An inability to explain to a teenager the fundamental issues of economics reflects badly on one's own grasp of them. And the failure to inspire youngsters to care about wealth, poverty, power (and their distribution in society), reveals the instructor's, or author's, own lack of appreciation of what makes our social world tick.
This book strives to inspire teenagers (and other readers normally disassociated from economic narratives) to care about economic ideas and economic processes by revealing their power over our imagination, beliefs and passions. It does this by means of a narrative of how economic power has emerged from the shadows of political and military might before gradually taking over human societies. The narrative combines history, literature, science fiction films and down-to-earth economic analysis to impress upon teenagers, and various beginners, that economics is an epic drama. Rather than a technical science, it is a battleground on which armies of ideas clash mercilessly and where concepts with a capacity to move mountains emerge; and all that in a war for our own allegiances which are being fought over by powerful interests usually at odds with ours.

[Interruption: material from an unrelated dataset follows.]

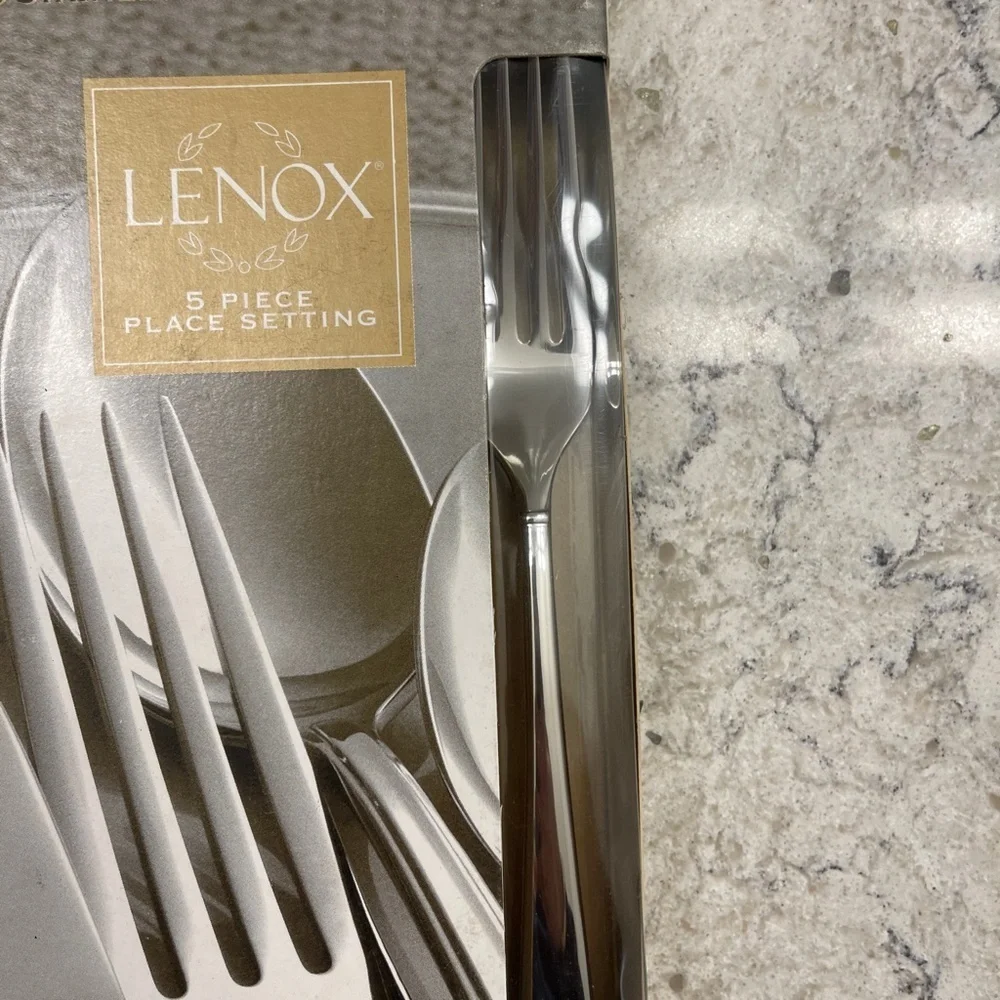 Lenox piece used flatware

In addition to its dramatic style and content, this book answers two fundamental questions: How was the modern world formed? And why are the economists' theories part of the problems that this world is constantly producing, rather of the solutions. In the process, it poses and answers challenging questions, such as:
• Why did British colonists invade Australia instead of the Aborigines invading England?
• When and how did the primacy of profit come about?
• Why could wealth never exist without debt?
• From where do bankers derive their exorbitant power?
• What is hiding behind economic crises?
• Is there hope that humanity will stop functioning like a stupid virus killing the “organism” in which it resides?
• What is money and why does it ""need"" democracy?